1. Capsule Reviews of The Iceman:
Blockhead: So, this Iceman movie. Considering the awesome source material, I gotta say, it was pretty boring. It seems like they breezed by the interesting parts to focus on the less interesting parts. We saw it a week ago and I already don't remember a single scene from it. That's never a good sign. That said, the performances were good, and it turns out Wynona Rider is still hot at age 65. But beyond that, it was pretty cookie-cutter and could have been MUCH better.

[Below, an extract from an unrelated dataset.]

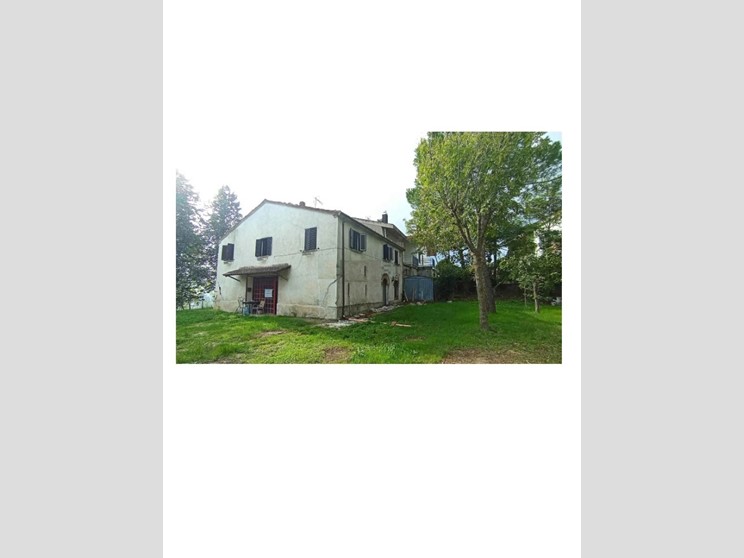 Casa Indipendente in Vendita a Montescudo Monte Colombo, 135'000€, 220 m²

Billy Woods: Iceman was a decent enough movie, but kinda underwhelming considering the actors they had and the story they had to work with. Take Ray Liotta as Roy DeMeo, one of the most notorious hitmen/mafia figures of his time; we get a couple good scenes, but it never really all comes together. Or Michael Shannon as Kuklinski; I mean, he does his best, but the writers really didn't give him a lot to work with. In a movie like this, you either need some great scenes (like in Abel Ferrara's The Funeral or Bad Lieutenant) or some real insight into the character's mind (Dahmer or Cobb). Those movies are all flawed to some extent, but still manage to be memorable long after seeing. Iceman plays it so close to the script that afterwards, there really is not much to remember.
2. Being a Big Time Professional Music Writer, I—of course—asked them about Yeezus:
Billy: Regarding the Kanye record, honestly, I have not heard a single song, not because I hate Kanye or anything—he is a great producer and a decent rapper—I just have never really been interested in his albums. The last one I owned was College Dropout, the last one I heard was Late Registration. I don't really download music like that, and when someone sent me the link, I asked if it was any good and their response was "It's a Kanye record," so I just didn't bother. So that's a really long-winded way of saying, "I am out of touch with pop culture.”
[Blockhead had so many feelings, or (more realistically) so many people were bugging him about it, that he devoted a blog to the subject.]